Detailed Description
The principles and features of this invention are described below in conjunction with the following drawings, which are set forth by way of illustration only and are not intended to limit the scope of the invention.
1. Domestication of pelteobagrus fulvidraco
Catching pelteobagrus fulvidraco juvenile fish with the weight of about 25g from the flat-topped flat west lake, and domesticating the pelteobagrus fulvidraco juvenile fish in a laboratory for at least 10 days. Culturing Pelteobagrus fulvidraco in a 300L aerated aquarium, maintaining the ambient temperature of 28 deg.C, and feeding once a day. The water in the aquarium was changed in half every 12 hours.

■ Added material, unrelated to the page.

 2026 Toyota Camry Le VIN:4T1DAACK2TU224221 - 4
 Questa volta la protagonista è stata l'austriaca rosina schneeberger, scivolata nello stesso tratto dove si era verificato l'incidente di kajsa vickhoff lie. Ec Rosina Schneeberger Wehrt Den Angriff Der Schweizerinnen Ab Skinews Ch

2. cloning and analysis of cDNA
Sequencing the Pelteobagrus fulvidraco kidney cDNA library constructed by the experiment to obtain a 5' terminal cDNA sequence of the PfHMGB1 gene. The 3 'terminal sequence was obtained by 3' -RACE. The nucleic acid sequence of the obtained pelteobagrus fulvidraco PfHMGB1 gene is shown as SEQ ID NO. 1, and the amino acid sequence is shown as SEQ ID NO. 2.
3. Expression distribution of PfHMGB1 gene in different tissues
Healthy pseudobagrus fulvidraco was anesthetized with tricaine mesylate to harvest tissue, 11 tissues including body kidney, intestine, blood, spleen, muscle, skin, liver, head kidney, fin, gill and heart were harvested. Total RNA was extracted using Trizol, reverse-transcribed into cDNA using PrimeScriptRT kit, and then the expression of PfHMGB1 was detected using 18S rRNA as internal standard and primers as shown in Table 1.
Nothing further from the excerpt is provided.